A collaborative research team looked at improving toxicity testing via in vitro tests, to enable faster and more efficient evaluation of chemical effects on human health without the use of animals.
The study, published yesterday in Nature Communications, used high-speed, automated screening to test a library of ten thousand chemicals using cells and isolated molecular targets instead of laboratory animals. The work is part of the Tox21 (Toxicology in the 21st Century) programme, a collaboration between the National Institute of Health (NIH), the US Environmental Protection Agency (EPA) and the US Food and Drug Administration (FDA).
The Tox21 10K chemical library has been screened against a panel of 30 human cell-based assays, focused on nuclear receptor signalling and stress response pathways, to produce the largest set of high quality in vitro toxicity data known to date. The results, along with knowledge of chemical structure, were used to identify chemical structure–activity signatures and inform the development of models that predict in vivo toxicity end points. The models based on data from in vitro assays were distinctly better at predicting human toxicity end points than animal toxicity.

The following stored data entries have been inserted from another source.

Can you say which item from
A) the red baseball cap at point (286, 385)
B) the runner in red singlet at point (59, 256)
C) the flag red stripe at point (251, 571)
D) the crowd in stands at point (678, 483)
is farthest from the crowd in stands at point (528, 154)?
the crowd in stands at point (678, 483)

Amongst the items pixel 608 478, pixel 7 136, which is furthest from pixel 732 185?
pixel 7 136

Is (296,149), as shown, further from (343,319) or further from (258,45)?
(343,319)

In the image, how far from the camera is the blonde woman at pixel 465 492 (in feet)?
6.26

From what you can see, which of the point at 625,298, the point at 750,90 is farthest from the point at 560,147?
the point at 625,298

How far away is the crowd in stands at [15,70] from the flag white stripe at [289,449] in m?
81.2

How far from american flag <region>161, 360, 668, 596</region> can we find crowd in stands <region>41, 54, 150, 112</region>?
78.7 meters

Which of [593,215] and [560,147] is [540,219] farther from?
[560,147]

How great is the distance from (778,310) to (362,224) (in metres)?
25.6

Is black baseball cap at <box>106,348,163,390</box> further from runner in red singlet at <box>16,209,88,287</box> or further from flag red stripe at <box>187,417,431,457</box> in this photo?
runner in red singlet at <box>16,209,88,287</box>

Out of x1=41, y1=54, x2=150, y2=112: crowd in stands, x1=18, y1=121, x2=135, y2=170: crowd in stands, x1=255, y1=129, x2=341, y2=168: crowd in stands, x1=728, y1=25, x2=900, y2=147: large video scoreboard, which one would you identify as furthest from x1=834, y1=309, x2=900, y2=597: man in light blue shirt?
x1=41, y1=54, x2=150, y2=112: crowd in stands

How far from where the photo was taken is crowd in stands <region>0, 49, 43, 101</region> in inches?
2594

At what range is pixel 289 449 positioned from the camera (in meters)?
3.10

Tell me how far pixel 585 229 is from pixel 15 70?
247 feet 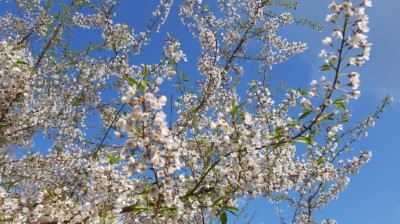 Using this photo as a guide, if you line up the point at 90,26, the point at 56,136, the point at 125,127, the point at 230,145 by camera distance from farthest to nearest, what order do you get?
the point at 90,26 < the point at 56,136 < the point at 230,145 < the point at 125,127

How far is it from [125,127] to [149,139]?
0.23 m

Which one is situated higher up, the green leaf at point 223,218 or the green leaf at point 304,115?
the green leaf at point 304,115

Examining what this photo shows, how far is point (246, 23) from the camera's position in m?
10.2

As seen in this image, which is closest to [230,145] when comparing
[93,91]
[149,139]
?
[149,139]

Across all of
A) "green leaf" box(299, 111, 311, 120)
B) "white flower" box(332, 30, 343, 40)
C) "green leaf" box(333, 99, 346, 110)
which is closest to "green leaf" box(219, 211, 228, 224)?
"green leaf" box(299, 111, 311, 120)

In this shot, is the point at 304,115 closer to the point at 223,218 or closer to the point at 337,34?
the point at 337,34

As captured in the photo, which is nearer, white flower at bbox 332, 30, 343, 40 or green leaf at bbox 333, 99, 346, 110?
white flower at bbox 332, 30, 343, 40

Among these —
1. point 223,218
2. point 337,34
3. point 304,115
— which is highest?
point 337,34

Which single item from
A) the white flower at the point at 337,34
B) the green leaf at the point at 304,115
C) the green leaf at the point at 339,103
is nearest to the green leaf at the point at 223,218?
the green leaf at the point at 304,115

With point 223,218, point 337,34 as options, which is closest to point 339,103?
point 337,34

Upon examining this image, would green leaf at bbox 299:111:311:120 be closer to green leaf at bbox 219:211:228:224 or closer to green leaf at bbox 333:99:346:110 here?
green leaf at bbox 333:99:346:110

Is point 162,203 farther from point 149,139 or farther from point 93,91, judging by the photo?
point 93,91

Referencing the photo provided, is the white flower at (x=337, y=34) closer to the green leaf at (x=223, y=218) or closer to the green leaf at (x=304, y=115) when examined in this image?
the green leaf at (x=304, y=115)

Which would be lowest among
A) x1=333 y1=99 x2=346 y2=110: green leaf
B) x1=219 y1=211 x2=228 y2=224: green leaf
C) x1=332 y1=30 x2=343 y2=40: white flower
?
x1=219 y1=211 x2=228 y2=224: green leaf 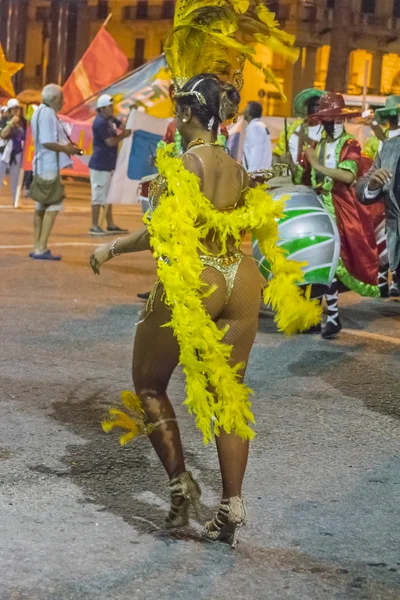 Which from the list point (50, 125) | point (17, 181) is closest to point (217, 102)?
point (50, 125)

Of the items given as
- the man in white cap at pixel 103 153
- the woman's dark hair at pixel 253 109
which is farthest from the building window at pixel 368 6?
the woman's dark hair at pixel 253 109

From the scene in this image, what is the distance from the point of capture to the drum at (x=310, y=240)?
26.7ft

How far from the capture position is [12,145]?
1869 centimetres

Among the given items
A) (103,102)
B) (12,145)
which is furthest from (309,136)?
(12,145)

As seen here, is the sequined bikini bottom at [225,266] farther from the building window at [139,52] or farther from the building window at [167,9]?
the building window at [167,9]

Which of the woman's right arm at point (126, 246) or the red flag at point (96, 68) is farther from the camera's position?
the red flag at point (96, 68)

So far the results are encouraging but more work is needed to enable a shift towards non-animal approaches for safety assessment of chemicals for human health. This includes building awareness with regulatory agencies as well as expanding the focus of the studies beyond the two tested areas. In the continuation of the Tox21 programme, more assays will be included to cover additional pathways and targets that could be relevant for toxicity.
Full implementation of the envisioned paradigm shift in toxicity testing will require validation of the new approaches, a substantial effort which will take time. However, in the shorter-term there is potential to identify a battery of in vitro tests that can be used for prioritisation and selection of the chemicals, so that fewer compounds will undergo compulsory regulatory testing in animals. The availability of data from studies such as this will also support the development of adverse outcome pathways (AOPs), an area in which the NC3Rs currently has a programme of work.
There are also European initiatives working in this area, such as the newly launched EU-ToxRisk project, which aims to develop a mechanism-based, human relevant, non-animal approach to risk assessment that can replace regulatory repeat-dose systemic toxicity testing. The NC3Rs is one of the 39 partners and will play a role in facilitating regulatory engagement in the project. This will help to ensure the research is focused towards regulatory need and that there is ultimately acceptance of any new non-animal technologies developed.
Dr Fiona Sewell, Programme Manager in toxicology and regulatory sciences at the NC3Rs commented on the Nature study in an article published today in The Scientist.